「メンバーを外される」…有名バトン指導者から性被害、選手を苦しめる「スポハラ」の病巣
2024年6月2日(日) 19:00 産経新聞(荻野好古)
スポーツの世界は閉ざされた空間になりやすい。中でも指導者と教え子の関係は顕著だ。勝たせたい、勝ちたい、という思いは時に理不尽な「支配と従属」に発展し、刑事事件につながることもある。京都府警は今年4~5月、バトンを使った演技を競うバトントワリングの男子選手(19)への性的暴行容疑などで、元指導者の男(40)を逮捕した。男は世界大会での優勝経験もある実力者で、被害者とも数年間に及ぶ師弟関係にあった。
■指導者の自宅でわいせつ被害
最初の事件は昨年2月、指導者だった男の当時の自宅マンションで起きた。府警によると、男子選手を宿泊させた男は、下半身を触るなどのわいせつ行為に及んだ。

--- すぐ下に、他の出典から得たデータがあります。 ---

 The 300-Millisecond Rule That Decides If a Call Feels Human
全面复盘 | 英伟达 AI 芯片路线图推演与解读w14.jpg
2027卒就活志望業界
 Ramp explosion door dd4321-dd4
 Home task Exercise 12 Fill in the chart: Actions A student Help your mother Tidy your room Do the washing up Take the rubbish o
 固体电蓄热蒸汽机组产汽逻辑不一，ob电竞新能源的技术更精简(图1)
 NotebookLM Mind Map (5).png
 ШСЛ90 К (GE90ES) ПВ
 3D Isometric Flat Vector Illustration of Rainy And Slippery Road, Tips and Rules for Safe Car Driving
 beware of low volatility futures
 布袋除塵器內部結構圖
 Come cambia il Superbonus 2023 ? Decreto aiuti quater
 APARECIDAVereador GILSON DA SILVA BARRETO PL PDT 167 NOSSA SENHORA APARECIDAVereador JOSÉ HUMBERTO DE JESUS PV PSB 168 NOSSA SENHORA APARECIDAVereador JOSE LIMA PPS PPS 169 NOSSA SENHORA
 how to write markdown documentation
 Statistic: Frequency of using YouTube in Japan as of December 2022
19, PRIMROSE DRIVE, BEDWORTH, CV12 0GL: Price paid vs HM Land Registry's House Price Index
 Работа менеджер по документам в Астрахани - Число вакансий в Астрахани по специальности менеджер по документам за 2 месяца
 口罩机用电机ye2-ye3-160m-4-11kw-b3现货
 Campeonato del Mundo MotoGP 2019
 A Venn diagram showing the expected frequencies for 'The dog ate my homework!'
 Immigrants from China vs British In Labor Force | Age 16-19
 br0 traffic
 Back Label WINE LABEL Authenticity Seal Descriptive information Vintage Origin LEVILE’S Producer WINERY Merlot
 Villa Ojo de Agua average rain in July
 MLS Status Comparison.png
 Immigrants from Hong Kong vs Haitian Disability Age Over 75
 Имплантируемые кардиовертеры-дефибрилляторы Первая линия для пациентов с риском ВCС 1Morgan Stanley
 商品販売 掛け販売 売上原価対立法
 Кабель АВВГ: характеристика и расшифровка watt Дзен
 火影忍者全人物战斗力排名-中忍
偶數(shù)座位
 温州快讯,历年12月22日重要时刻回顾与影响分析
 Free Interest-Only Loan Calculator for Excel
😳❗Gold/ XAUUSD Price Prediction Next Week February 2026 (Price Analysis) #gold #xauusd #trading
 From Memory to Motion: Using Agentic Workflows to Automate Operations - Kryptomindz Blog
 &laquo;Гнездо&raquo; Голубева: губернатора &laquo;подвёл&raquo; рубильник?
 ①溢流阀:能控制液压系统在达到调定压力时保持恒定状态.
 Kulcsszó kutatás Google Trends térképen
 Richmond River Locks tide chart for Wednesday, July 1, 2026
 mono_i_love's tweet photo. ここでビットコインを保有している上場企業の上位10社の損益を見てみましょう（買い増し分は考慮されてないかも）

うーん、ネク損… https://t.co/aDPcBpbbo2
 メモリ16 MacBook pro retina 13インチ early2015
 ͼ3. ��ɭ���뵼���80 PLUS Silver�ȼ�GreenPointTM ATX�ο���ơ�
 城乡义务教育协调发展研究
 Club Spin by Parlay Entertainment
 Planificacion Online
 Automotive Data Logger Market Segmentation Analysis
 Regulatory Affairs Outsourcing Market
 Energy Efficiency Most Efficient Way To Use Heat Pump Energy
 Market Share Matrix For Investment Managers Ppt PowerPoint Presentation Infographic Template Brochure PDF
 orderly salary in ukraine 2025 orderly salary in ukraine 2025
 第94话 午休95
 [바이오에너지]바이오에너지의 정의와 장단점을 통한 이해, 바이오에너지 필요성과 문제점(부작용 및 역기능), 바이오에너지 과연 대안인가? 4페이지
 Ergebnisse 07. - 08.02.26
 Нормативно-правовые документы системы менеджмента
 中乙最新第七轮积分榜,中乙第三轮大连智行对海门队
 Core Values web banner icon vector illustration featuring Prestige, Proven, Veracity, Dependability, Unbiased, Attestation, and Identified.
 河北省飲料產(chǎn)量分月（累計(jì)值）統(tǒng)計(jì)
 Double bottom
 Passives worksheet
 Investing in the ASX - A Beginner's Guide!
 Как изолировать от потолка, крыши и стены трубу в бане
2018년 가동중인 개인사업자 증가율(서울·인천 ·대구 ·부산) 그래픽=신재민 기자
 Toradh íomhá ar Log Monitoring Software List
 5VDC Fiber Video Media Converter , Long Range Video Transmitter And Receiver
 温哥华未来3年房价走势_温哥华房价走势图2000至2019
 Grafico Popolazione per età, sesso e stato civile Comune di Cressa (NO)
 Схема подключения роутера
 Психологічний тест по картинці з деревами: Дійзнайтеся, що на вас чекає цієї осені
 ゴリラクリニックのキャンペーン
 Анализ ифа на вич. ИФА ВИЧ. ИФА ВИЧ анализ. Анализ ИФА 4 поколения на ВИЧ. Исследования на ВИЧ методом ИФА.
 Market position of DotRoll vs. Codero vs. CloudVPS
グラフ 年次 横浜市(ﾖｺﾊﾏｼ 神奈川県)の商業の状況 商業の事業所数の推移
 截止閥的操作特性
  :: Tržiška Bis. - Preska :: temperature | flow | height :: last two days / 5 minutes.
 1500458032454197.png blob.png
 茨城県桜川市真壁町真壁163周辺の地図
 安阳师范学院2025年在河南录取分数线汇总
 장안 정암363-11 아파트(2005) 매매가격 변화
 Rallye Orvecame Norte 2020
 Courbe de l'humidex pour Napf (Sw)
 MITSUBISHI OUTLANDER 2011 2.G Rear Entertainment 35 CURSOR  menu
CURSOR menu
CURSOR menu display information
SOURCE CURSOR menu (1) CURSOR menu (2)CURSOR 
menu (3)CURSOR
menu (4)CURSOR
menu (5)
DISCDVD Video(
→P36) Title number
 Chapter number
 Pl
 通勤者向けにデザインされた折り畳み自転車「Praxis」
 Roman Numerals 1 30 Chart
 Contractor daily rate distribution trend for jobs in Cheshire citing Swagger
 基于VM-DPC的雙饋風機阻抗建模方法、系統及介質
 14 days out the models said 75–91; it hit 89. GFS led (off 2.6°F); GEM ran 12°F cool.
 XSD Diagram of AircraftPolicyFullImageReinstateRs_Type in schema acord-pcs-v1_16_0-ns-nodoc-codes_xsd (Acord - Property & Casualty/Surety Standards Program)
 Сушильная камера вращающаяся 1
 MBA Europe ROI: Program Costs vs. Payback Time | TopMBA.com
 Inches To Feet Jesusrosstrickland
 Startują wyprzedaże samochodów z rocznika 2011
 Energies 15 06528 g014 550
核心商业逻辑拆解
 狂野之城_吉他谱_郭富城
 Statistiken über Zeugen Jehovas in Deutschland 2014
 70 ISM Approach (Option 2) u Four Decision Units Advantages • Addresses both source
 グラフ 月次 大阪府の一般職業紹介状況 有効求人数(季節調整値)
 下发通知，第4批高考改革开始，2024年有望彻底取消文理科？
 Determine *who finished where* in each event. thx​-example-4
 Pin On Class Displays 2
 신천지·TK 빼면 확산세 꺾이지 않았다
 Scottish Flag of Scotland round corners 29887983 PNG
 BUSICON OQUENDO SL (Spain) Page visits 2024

選手にとっては全く予期しなかった出来事。その後も男は繰り返し選手を「食事」に誘った。男と会うことを避けようとしていた選手だったが、執拗(しつよう)な誘いを断り切れず同年3月に、再び男の自宅を訪れた。
選手は部屋の中で男から離れた場所に座ったところ、近くに来るよう指示された。断り切れずにその通りにすると、今度は両手を押しのけられて下着の中に手を入れられ、まさぐられた。数日後、同じように自宅に呼ばれると、抵抗する間もなく体を触られ、あおむけにされて性的暴行を受けたという。
関係者などによると、選手は精神的苦痛を訴えて練習に行けなくなり、予定した大会への出場も逃した。
■マンツーマン指導で抵抗不能に
なぜ選手は男の行為を拒否できなかったのか。府警によると選手は「抵抗すれば指導を受けられなくなったり、大会のメンバーから外されたりするかもしれないとの思いがあった」という趣旨の説明をした。
こうした経緯を踏まえ、府警は5月23日、昨年3月に起きたわいせつ事件について、「準強制性交」と「準強制わいせつ」の疑いでの再逮捕に踏み切った。いずれも、相手が抵抗できないなどの状況に乗じた卑劣な性犯罪だ。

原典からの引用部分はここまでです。